For a system which eschews consistency and durability, the write performance on MongoDB looks atrocious. Initially, I thought that Mongo completely trashing Clustrix on the write performance. The result was a complete surprise. Here's why I think Clustrix did so much better:

Highly concurrent b-tree implementation with fine grained locking
Buffer manager and transaction log tuned for SSD
Completely lock-free Split and Move operations (very cool stuff, another post)

Conversely, Mongo did so poorly because it:

Has a big fat lock, severely limiting concurrency
It relies entirely on the kernel buffer manager

Total time to load was 0:37 (hh:mm) on Clustrix and 4:47 on MongoDB.

Clustrix was 775% faster for writes than MongoDB!
And that's with fully durable and fully consistent writes on the Clustrix side.

Test 2: Read Only

The read test consists of the following basic workloads:

get the 10 latest updated files for a specific user
count the number of deleted files on a given server id

I chose these queries because they are representative of the types of queries our example application would generate, and they are not simple point selects. Getting a distributed hash table working is easy. But DHTs tend to fall apart fairly quickly when queries start introducing ordering, examining multiple rows, or other non key-value lookups. In other words, real-world use.

MongoDB
C++ test harness. Peak throughput at 64 concurrent client threads.

db.files.find({user_id: user_id}).sort({last_updated: -1}).limit(10)

55,103 queries/sec

db.files.find({'server_id': server_id, 'deleted': 1}).count()

675 queries/sec

Clustrix
C test harness. Peak throughput at 256 concurrent client threads.

select * from benchmark.files where user_id = .. order by last_updated desc limit 10

56,641 queries/sec

select count(1) from benchmark.files where server_id = .. and deleted = 1

625 queries/sec

So on a read-only test, MongoDB and Clustrix are within 1% of each other for test1. Clustrix is faster on test 1 and MongoDB is 7% faster on test2. I captured a profile of Clustrix during a test1 run, and saw that the the execution engine dominates CPU time (as opposed to say SQL parsing or query planning). In looking at the profiles during test2 runs on Clustrix, I saw that we had a bunch of idle time in the system, so there's room for optimization.

But real-world loads tend to be read/write, so let's see how Mongo does when we add writes to the equation.

Test 3: Read/Write

My initial plan called for a combination of read-centric and write-centric loads. It seems that most web infrastructures are heavier on the reads than writes, but there are many exceptions. In Clustrix, we use Multi-Version Concurrency Control, which means that readers are never blocked by writers. We handle both read heavy and write heavy workloads equally well. Since MongoDB seems to do much better with reads than writes, I decided to stick to a read-centric workload.

The Clustrix test shows show very little drop off in performance for reads. On the Mongo side, I expected to see a drop off in performance directly proportional to the amount of write load.

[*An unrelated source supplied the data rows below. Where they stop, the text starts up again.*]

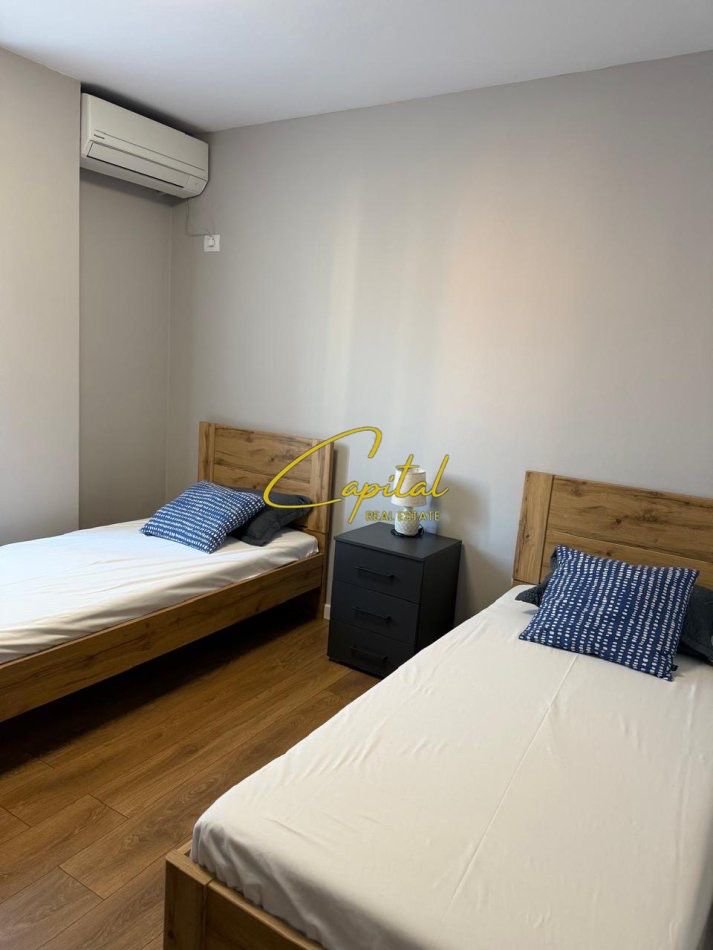 WhatsApp Image 2025-11-21 at 1.43.03 PM APARTAMENT ME QERA 2+1 RRUGA JORDAN MISJA 800 EURO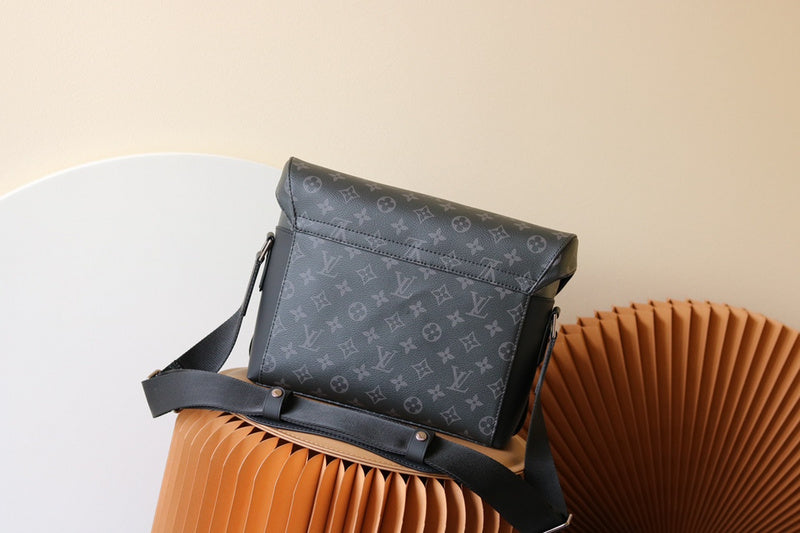 I W Fashion Lu-Vi bags - 17189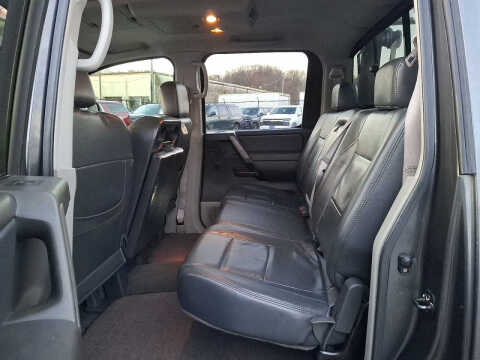 2004 Nissan Titan SE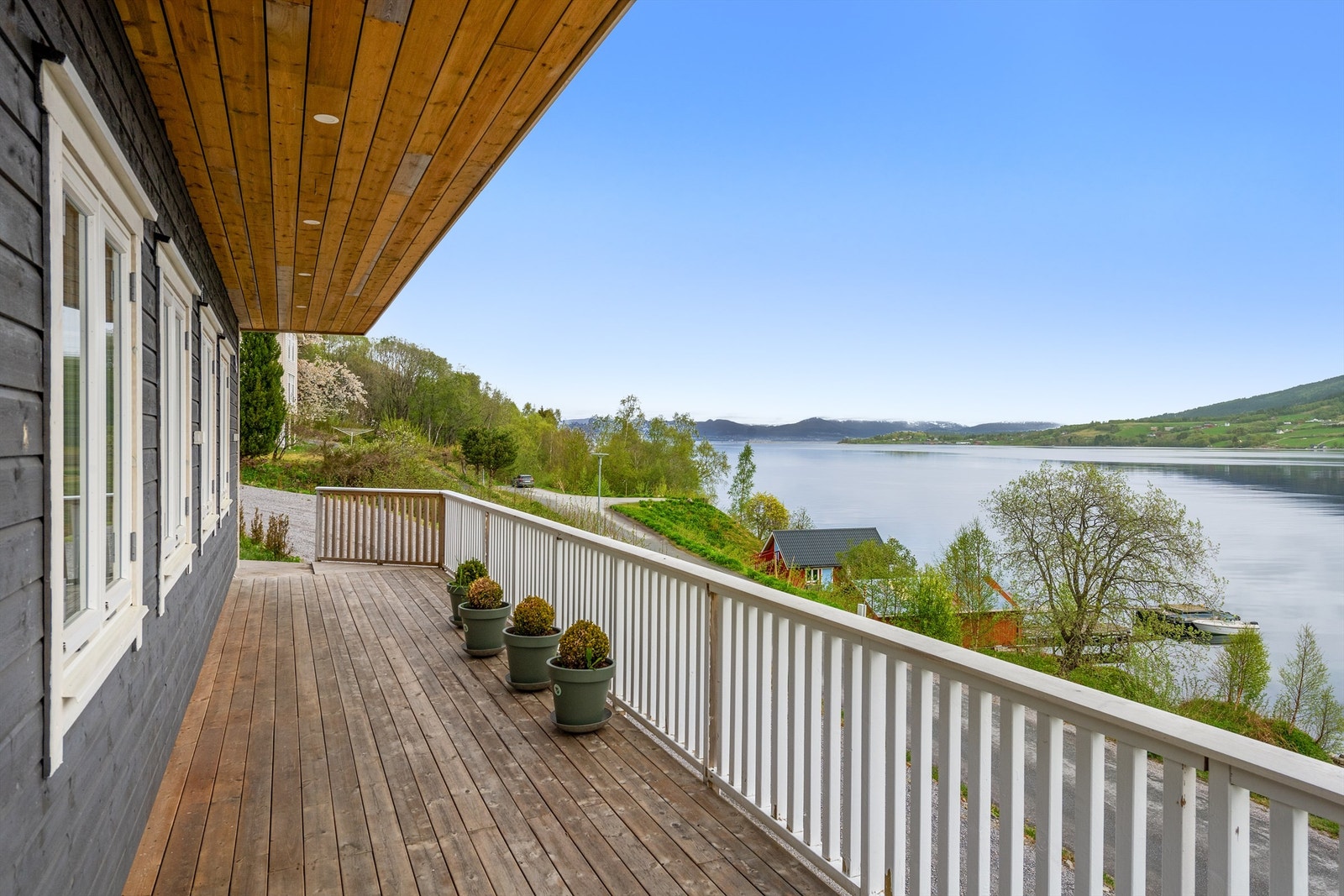 Det er terrasse rundt to sider av garasjen Galleribilde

However, what I saw mind blowing: Mongo completely starved the readers! The following graph shows the query load on one of the 10 shards during the write portion of the test. I simply started up a single write thread while letting the read test run. The write was active for all of 60 seconds, and it took Mongo an additional 15 seconds to recover after the writer stopped.

MongoDB
FAIL

Custrix
test1: 4,425 writes/sec and 49,099 reads/sec (total 53,524 queries/sec) (92% read / 8% write)
test2: 4,450 writes/sec and 625 reads/sec

The test2 aggregate query is much more computationally expensive compared to an insert. So the read/write ratio for test2 became very skewed. Note that Clustrix did not drop in read throughput at all.

Overall, you can see why every modern DBMS choose to go with the MVCC model for concurrency control.

Conclusion

The SQL relational model can clearly scale. The only place where MongoDB could compete with Clustrix was on pure read-only workloads. But that's just not representative of real world application loads

Building a scalable distributed system is more about good architecture and solid engineering. Now that we have scale and performance out of the way, I'm going to review the other important aspects of a DBMS in my upcoming posts.